Sounds of Enchantment
Symposium spotlights Nuevo Mexicano composers
“I think his real legacy was his enormous curiosity,” say Christopher Shultis, artistic director of the John Donald Robb Composers' Symposium since 2001. “He was just curious about what kind of music gets made in New Mexico, so he went to the reservations and made recordings.” Shultis says much of what he captured is now considered essential historical documentation of a period that's gone. “One of the great things about being here in New Mexico is that—if you have that curiosity to show up—there's an endless amount of things going on.”
Back in 1989, then symposium co-director Scott Wilkinson came up with an idea to highlight the work of UNM composition students, inviting more 40 alums back to coincide with the university's centennial festivities. In planning this year's events, Shultis took inspiration from that model but expanded the criteria to allow for a fuller representation of contemporary composers who have been influenced by New Mexico's culture, history and landscape.

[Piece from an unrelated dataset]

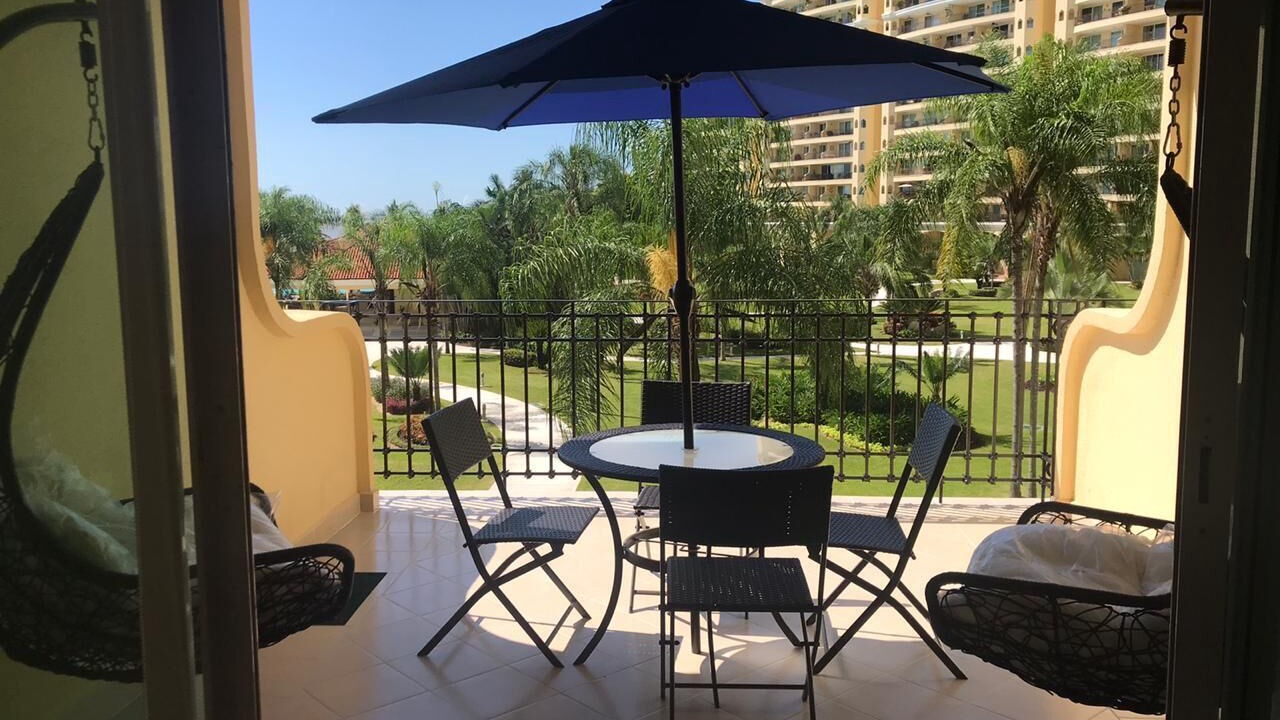 Photo of Patio Balcony in Marina Vallarta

This year’s symposium presents 55 contemporary composers with meaningful connections to New Mexico. Themed with the state's centennial celebration in mind, all the featured artists live here, studied at UNM or lived in New Mexico for at least a year.
This is Shultis' last year at the helm of the proceedings. He retired from his UNM Regents' Professor of Music position at the end of 2011 to dedicate himself full-time to composition and performance. Although he’s since relocated to Pennsylvania, his appreciation for New Mexico's physical and cultural landscape is evident. Shultis says he believes that Albuquerque's divergence from the niche “scene” mentality of other cities inspires artists to cultivate distinctive voices and fosters collaboration over exclusivity.

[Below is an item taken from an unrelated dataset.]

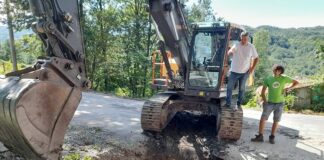 Frane, Zanni: “Estate di lavori, ma servono risorse”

“I'm hoping that we all bring each other to these concerts,” Shultis says, “that the Keller Hall crowd comes over to Kosmos; Kosmos people maybe come over to Keller.”
Connections through both academia and locale exemplify the spirit of this year's symposium. One of Shultis' former composition students, Raven Chacon, is participating as a composer and curator. In 1988, a 10 year-old Chacon attended the symposium with his piano teacher, Dawn Chambers, and met sonic pioneer John Cage.

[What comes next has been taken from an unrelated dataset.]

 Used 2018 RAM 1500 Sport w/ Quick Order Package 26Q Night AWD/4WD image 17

This year, Chacon has two solo compositions slated for performance. Italian classical pianist Emanuele Arciuli will play Chacon’s composition for overly amplified piano, “Nilchi’ Shada’ji Nalaghali (Winds That Turn From the Sun).” And the Chatter A Chamber Ensemble take on his “Biyán (Song),” a composition for flute, violin, clarinet, cello and percussion. The Southwest-based interdisciplinary artist collective to which Chacon belongs, Postcommodity, will make a rare Albuquerque appearance at the Small Engine Gallery showcase, performing a “generative composition based on game algorithms.”
Over the years, the symposium has brought a number of compositional heavy hitters, such as Pauline Oliveros, Cecil Taylor, Robert Ashley, Michael Colgrass and George E. Lewis. There's no headlining act hierarchy this time, but notable guest ensembles include the Robb Musical Trust’s artist-in-residence Del Sol String Quartet (San Francisco), percussion ensemble Gamelan Encantada (Albuquerque), digital arts collective localStyle (Chicago) and saxophone group Iridium Quartet (Illinois / Louisiana / New Mexico).
The scale of this year's symposium is larger, with the typically three-day festival expanding over more than a week of composers' talks, master classes and concerts. Daytime and nighttime events at UNM proper are free and open to the public. Events at satellite venues have varying prices ranging from $7 to $20. A UNM student ID gains free admittance to ticketed concerts at Outpost Performance Space.
There's no one concert or showcase Shultis is most excited about experiencing. “If you really love music, this would be the week to immerse yourself,” says Shultis, “This is going to be something that will be hard to duplicate. I'm going to be at everything.”